- **REQUIRED WORK**:
Filter the lines below, keeping each one that holds "from".

- **TASK MATERIAL**:
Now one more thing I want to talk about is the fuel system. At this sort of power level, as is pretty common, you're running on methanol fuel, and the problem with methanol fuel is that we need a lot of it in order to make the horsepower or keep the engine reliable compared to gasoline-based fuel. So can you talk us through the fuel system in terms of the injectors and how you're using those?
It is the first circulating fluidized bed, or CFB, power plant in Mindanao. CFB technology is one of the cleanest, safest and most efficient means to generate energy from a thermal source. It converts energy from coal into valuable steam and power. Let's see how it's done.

--

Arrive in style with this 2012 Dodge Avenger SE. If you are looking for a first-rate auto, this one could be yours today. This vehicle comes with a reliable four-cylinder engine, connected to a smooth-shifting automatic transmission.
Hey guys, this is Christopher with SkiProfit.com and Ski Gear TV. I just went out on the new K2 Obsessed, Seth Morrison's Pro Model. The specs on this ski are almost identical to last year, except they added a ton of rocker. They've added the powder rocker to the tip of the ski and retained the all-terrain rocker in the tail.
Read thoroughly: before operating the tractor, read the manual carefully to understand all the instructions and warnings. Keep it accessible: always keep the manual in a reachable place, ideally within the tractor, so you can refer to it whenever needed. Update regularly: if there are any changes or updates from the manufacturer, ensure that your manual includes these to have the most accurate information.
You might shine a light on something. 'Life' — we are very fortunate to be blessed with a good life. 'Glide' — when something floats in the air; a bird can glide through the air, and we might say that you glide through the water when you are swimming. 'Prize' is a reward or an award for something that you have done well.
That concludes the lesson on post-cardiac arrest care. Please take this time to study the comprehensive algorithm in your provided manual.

- **ANSWER SPACE**:
It is the first circulating fluidized bed, or CFB, power plant in Mindanao. CFB technology is one of the cleanest, safest and most efficient means to generate energy from a thermal source. It converts energy from coal into valuable steam and power. Let's see how it's done.
Read thoroughly: before operating the tractor, read the manual carefully to understand all the instructions and warnings. Keep it accessible: always keep the manual in a reachable place, ideally within the tractor, so you can refer to it whenever needed. Update regularly: if there are any changes or updates from the manufacturer, ensure that your manual includes these to have the most accurate information.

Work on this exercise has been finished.